I recently met a brilliant female scholar at the University of Oxford, and through our conversation, we discovered a shared interest in India. My love of India came not through yoga, but through my husband, as it is the country of his birth. As a result, I have visited places most Westerners would never stumble upon — deeply conservative ancestral villages, in which women veil their entire bodies. They are not Muslim, as one might initially suspect; they are, in fact, Hindu.
As is so often the case between Western women who have travelled in India, we began discussing issues of female safety. Fifteen years ago, this scholar lived in New Delhi and travelled solo throughout northern India; I was stunned, as travelling in that region as an unaccompanied female is something I would never do, nor would my husband’s family advise. (It seems that every day now, on page three or four of a Delhi newspaper, there is another story of gang rape.)
The conversation veered toward teaching yoga in the West and questions about the nature of the men who attend my classes. The scholar noted that she still regularly encounters male students who would rather only be taught by men. She assumed that this would also be true within the yoga community — that there would be men unwilling to be taught by a female teacher. And she is probably right.

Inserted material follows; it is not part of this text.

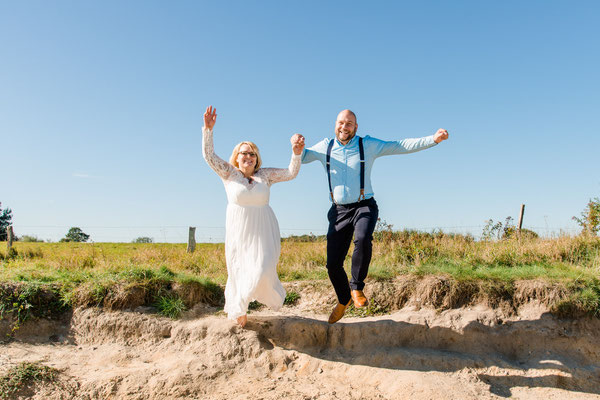 Brautpaar am Strand vor dem Leuchtturm Falshöft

But I don’t meet these men because they don’t come to my classes.
For weeks, the conversation has pulsed through the synapses of my brain as I engaged with my male clients. Just last month, two middle-aged men, clients who have been with me for years, hugged each other after a practice. They embraced with such warmth that others paused as they rolled up their mats to watch. A few women wiped tears from the corners of their eyes, and one texted me later about the awe of witnessing such a beautiful moment.